Information given:
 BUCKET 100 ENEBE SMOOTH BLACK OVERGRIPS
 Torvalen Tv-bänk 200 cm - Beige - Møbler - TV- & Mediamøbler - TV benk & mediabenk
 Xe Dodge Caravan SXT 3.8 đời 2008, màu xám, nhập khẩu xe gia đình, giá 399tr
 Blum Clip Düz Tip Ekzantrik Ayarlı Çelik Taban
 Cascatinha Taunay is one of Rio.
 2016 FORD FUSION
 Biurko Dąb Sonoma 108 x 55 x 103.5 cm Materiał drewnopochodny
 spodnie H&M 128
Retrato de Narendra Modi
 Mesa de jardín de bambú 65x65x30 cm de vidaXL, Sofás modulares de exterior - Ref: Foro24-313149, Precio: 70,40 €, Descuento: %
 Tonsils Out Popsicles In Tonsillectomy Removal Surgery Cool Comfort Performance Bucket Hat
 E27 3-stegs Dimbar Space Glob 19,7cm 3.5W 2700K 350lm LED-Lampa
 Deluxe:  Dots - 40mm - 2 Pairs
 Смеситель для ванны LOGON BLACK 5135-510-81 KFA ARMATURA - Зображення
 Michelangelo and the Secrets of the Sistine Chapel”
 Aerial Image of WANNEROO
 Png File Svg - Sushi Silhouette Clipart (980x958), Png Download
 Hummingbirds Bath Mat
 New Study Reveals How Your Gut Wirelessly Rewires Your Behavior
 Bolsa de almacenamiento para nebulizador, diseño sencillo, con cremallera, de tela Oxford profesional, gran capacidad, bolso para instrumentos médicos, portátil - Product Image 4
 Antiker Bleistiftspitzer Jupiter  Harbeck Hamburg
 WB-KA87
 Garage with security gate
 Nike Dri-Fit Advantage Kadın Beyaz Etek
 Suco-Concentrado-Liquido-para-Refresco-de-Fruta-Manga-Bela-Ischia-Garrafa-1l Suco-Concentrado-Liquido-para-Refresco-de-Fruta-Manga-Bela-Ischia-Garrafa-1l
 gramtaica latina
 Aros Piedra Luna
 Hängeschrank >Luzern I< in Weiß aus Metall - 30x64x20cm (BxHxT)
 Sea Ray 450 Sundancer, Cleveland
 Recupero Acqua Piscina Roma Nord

Task brief: Return each line of the entries that holds the string "BLACK".

Written reply:
 BUCKET 100 ENEBE SMOOTH BLACK OVERGRIPS
 Смеситель для ванны LOGON BLACK 5135-510-81 KFA ARMATURA - Зображення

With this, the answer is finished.